Once the spokes on the wheels had been painted they came out looking very nice. Period-correct tyre decals were the finishing touch on them. Proportions on width and dish-depth are also very very good on these wheels.
The body was now ready for getting it’s own chop. All these kitsets come with a ‘standard’ body as they rolled out of the factory. In order to strap those big fenders on, and get the wheels tucked up right into the body, some cutting is required. A template was provided in the kit which was cut out, the guide lines were pencilled onto the body and then I cut out the unnecessary plastic from the arches with my dremel kit.
After the work was complete, now it was time to look at fitting the fenders. When cutting away be careful not to get too carried away, it is easy to do. Don’t worry about how rough the edges turn out as the cutting is all hidden by the fenders once they are attached.
With a test fit of the fenders on the body it was also time to create the rollcage the 1:1 car has inside. It was relatively painfree although just remember to allow clearance once the interior side panels go in then everything will be nice and snug. I left the rear seats in the car as well as they were the support for the back window speakers etc.
The police lights that came in the kitset look like this before assembly. Moulded in clear red, after being painted a little care was taken to avoid ‘glue spots’ with the transparent parts and they were assembled. Aoshima really is a industry leader for the finer scale model detailing needs of customers. They are the only company that make inexpensive and good quality products to make scratch-built models such as this shakotan police car.
A quick test of the body was in order along with a rear wing from a Fujimi ‘Hakosuka’ KPGC10 GT-R Skyline. The police lights were fitted up and checked for size and proportions. As always they are inch-perfect and look great!
The seats I started with were historic rallycar ones, although I wanted the classic Japanese style of bucket seat so they were sanded down to look more like this…
The original seats in the real car.
After sanding and modification I was much happier with how they were looking.
The finished interior of the kitset. The dashboard connects up to the body therefore it isn’t quite attached yet.
Next up was the challenge of creating the stickering for the car. A combination of Japanese and English lettering. A good friend of mine came to the party and created some 1/24 scale stickers for the kit. The thinnest signwriting vinyl available was used and in the end was almost perfect for the job.

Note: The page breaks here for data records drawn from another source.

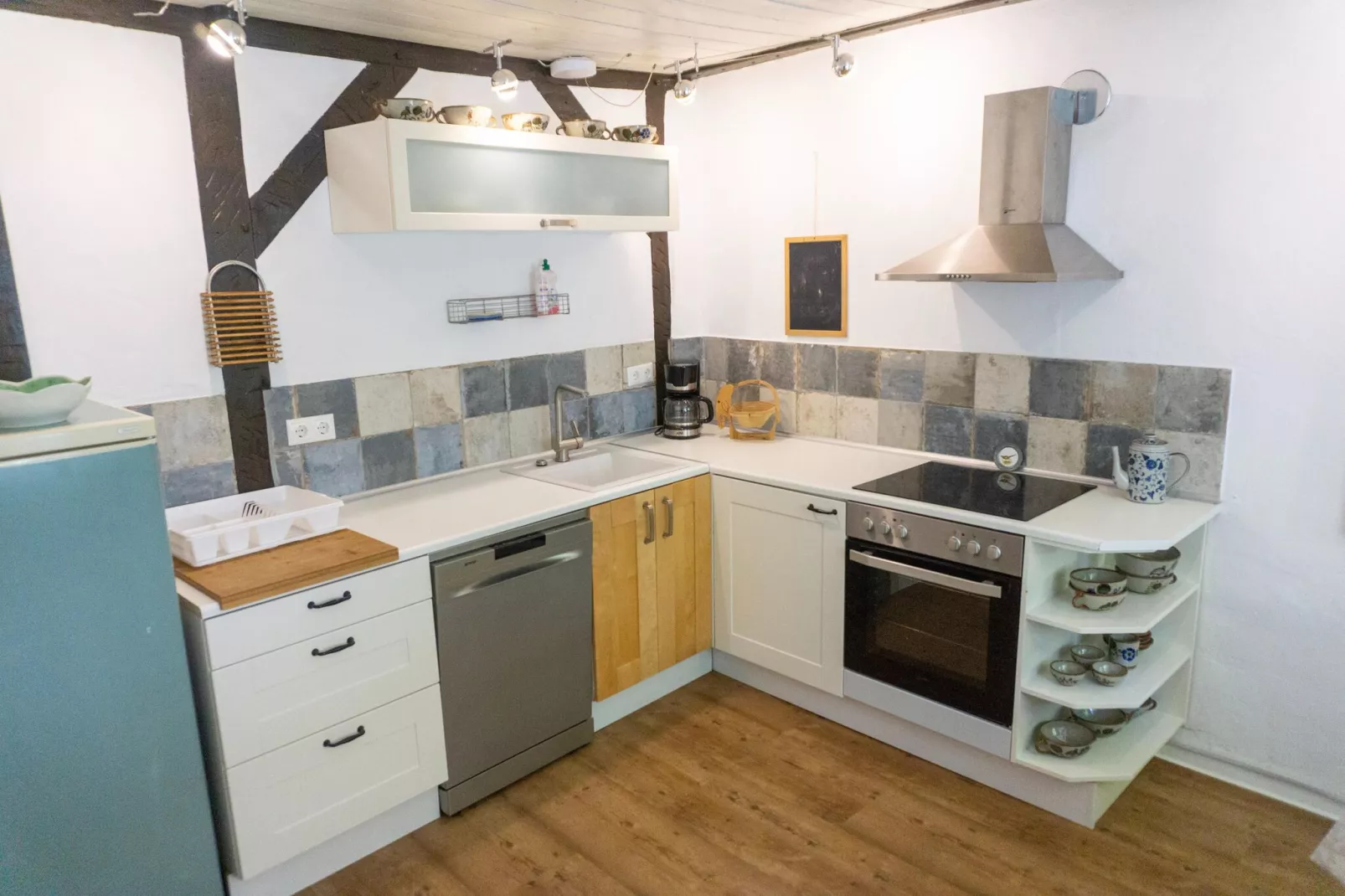 Ferienwohnung Erdenreich im Pyrmonter Zehnthof-Kitchen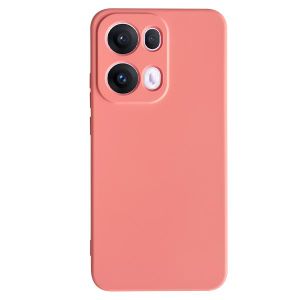 Original Silicone Cover Case for Oppo Reno 13 – Flexible Shockproof Slim Back Cover - Pink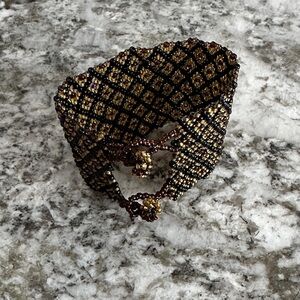 Beaded Bracelet with Geometric Pattern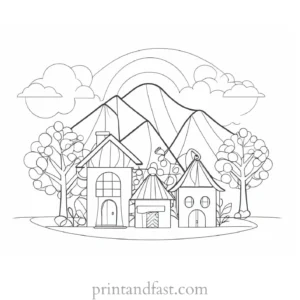 cute coloring page for advanced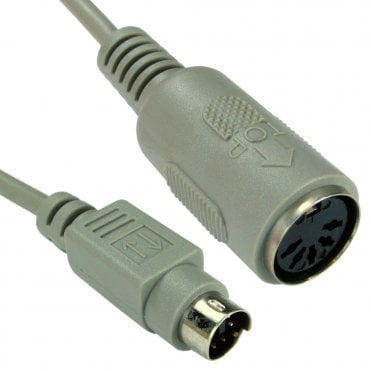6 Pin Mini-DIN Male to 5 Pin DIN Female Keyboard Adapter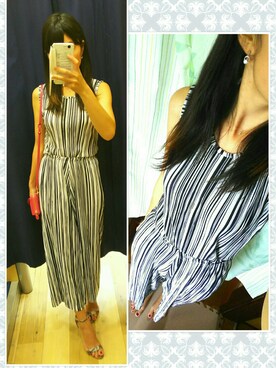 「DHOLIC（ディーホリック）のアイテム（その他）」を使った、やなぎさん（レディース・160cm）の夏コーディネート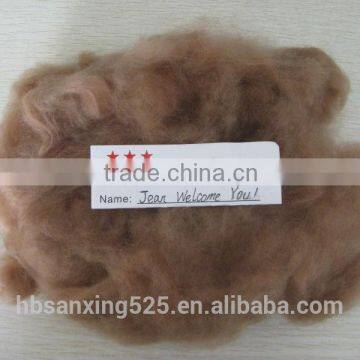 100% virgin dyed brown acrylic fiber, nice quality, 1.5D*38MM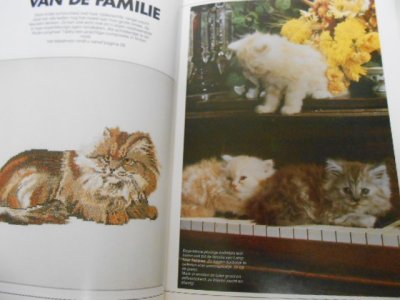 画像2: オランダ・猫のクロスステッチ・図案集・チャート/ヨーロッパ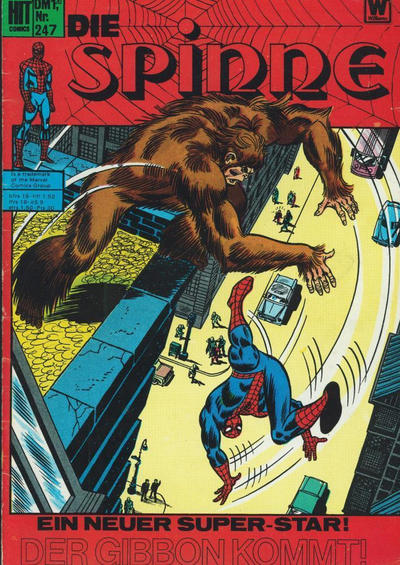 Cover for Hit Comics Die Spinne (BSV - Williams, 1971 series) #247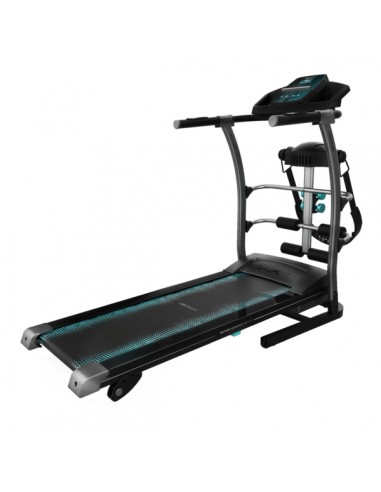 Cecotec DrumFit WayHome 14000 Runner Vibrator Cinta de Correr - 1100W - Plegable - Mancuernas y Barras - Cinturon de Masaje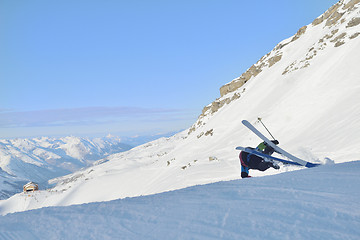 Image showing skier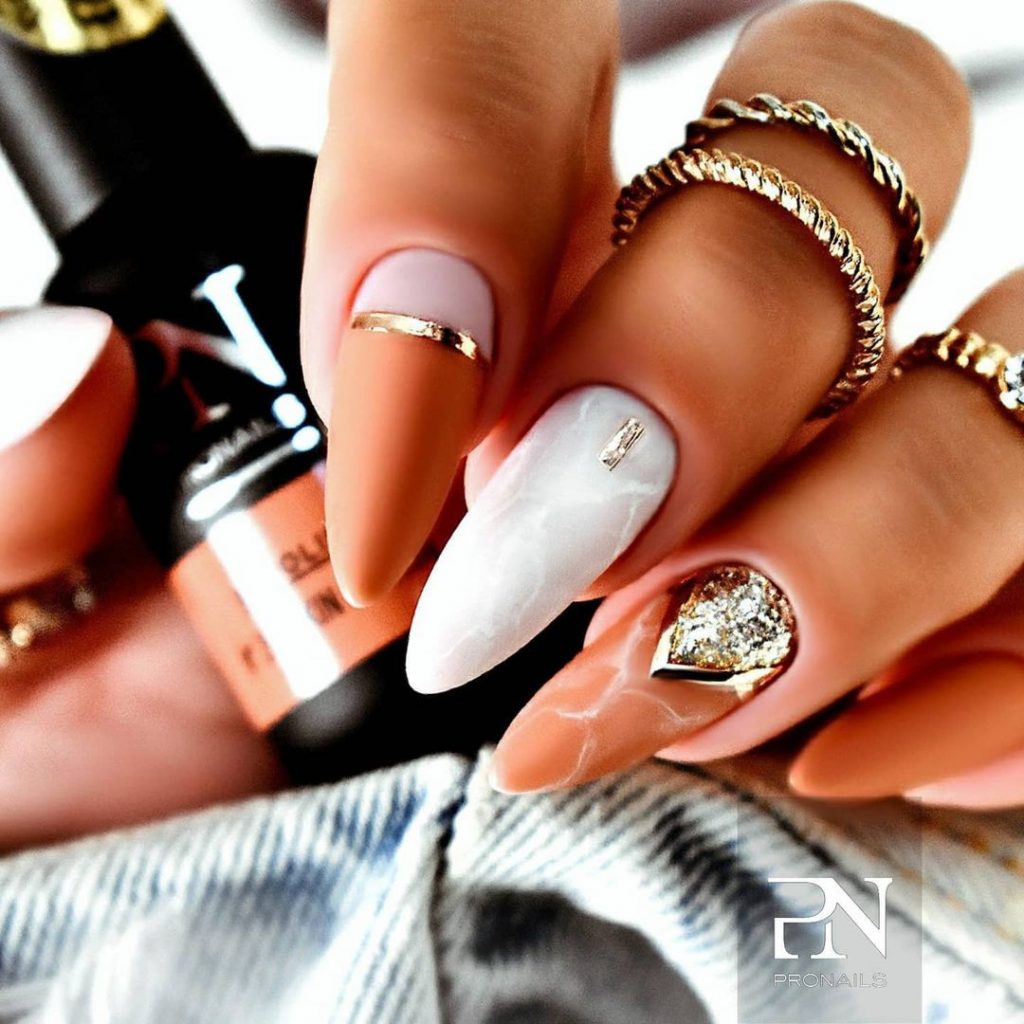 Upgrade Your Manicure With These 20+ Marble Nail Designs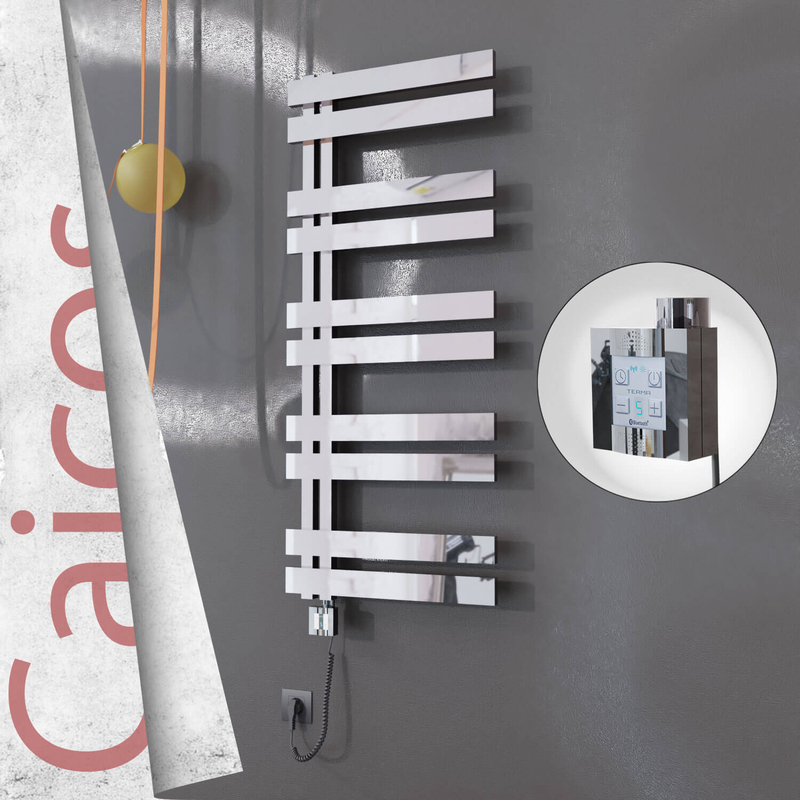 CAICOS Elektrikli Paslanmaz Çelik Havlupan 600x1260 Ayna Polisaj (KTX4 Termostat) 600W Spiral Kablolu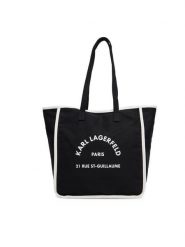KARL LAGERFELD Torebka A3W50018 Czarny. Czarne torebki klasyczne damskie Karl Lagerfeld, bez wzorów, z materiału, bez dodatków. Za 269.99 zł.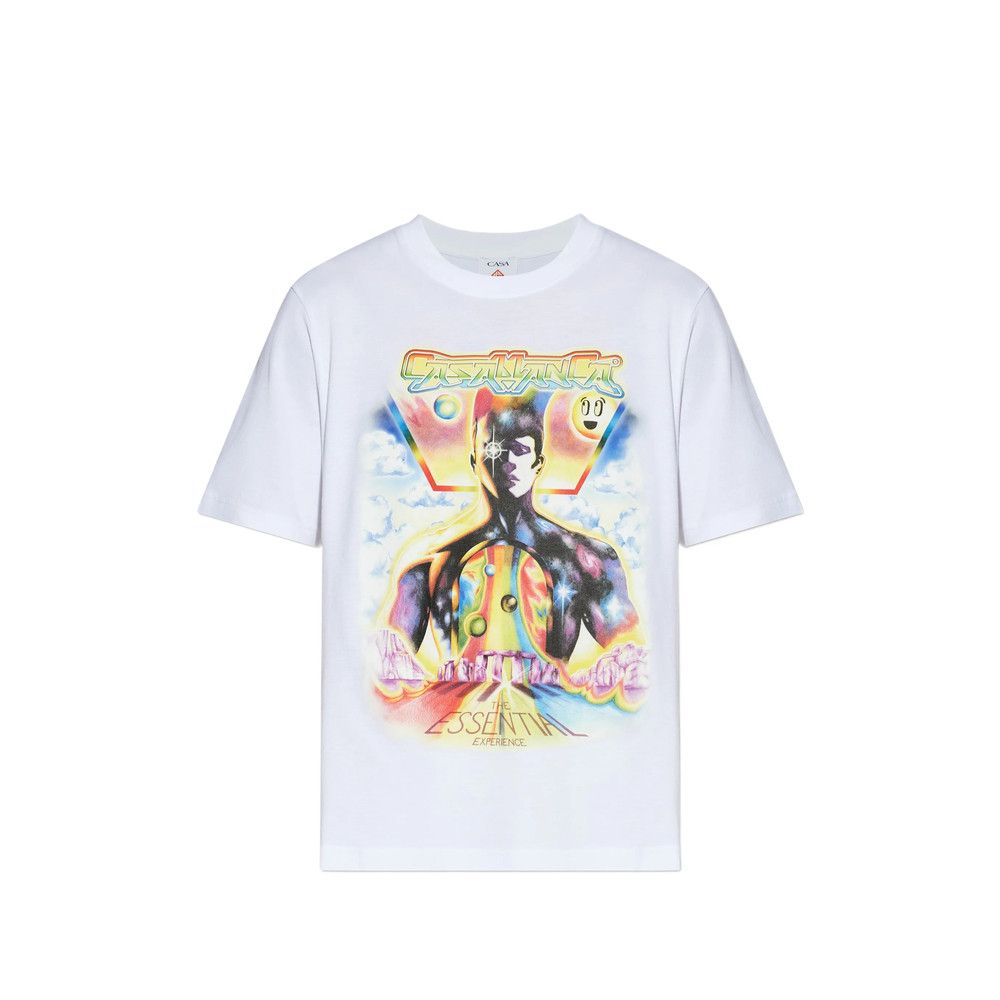 Casablanca Casablanca WHITE T-Shirts & Vests - T-Shirts Size US M / EU 48-50 / 2 - 1 Thumbnail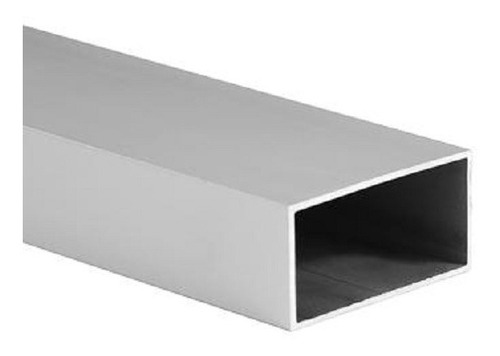 Tubo Rectangular De Aluminio 1½in X 3/4 (1mtr Lineal) 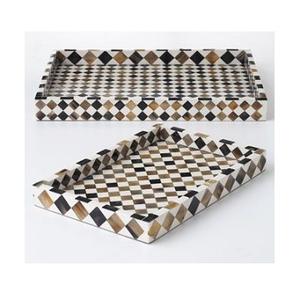 Recién llegado, bandeja rodante con incrustaciones de hueso de alto grado, gran oferta, bandeja larga personalizada para restaurante y suministros de hotel, bandeja de decoración Eid Ramadan - Product Image 1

Roof decals for the build.
Painted and stickered, the Kenmeri was finally resembling a police car.
Silver window trims were done courtesy of a silver fine-tipped paint pen, while the black was masked and brush painted. Also the Aoshima police lights set of front lights were painted and attached to the front grill along with the front bumper.
The end result
For the finishing touch I wanted to recreate the ‘boso’ pipes that the 1:1 car had. They serve no performance purpose, it is purely a design influence that started somewhere during the ‘boso tuning’ craze.
The Aoshima products I used in this build were fantastic. Product quality was exceptionally high and made the scratch build process of this kitset nice and easy. I would highly recommend the base kitset to anyone wanting to go for a one-off build such as this, or even just make a midnight highway boso cruiser. The police light kitset looks very good, required no cleaning before assembly and even came with a sticker sheet containing the kanji of Japan’s different prefectures for building a factual police car.
If you are looking for something a little different, and attention grabbing then look no further than Aoshima’s ‘Gurachan’ kitsets.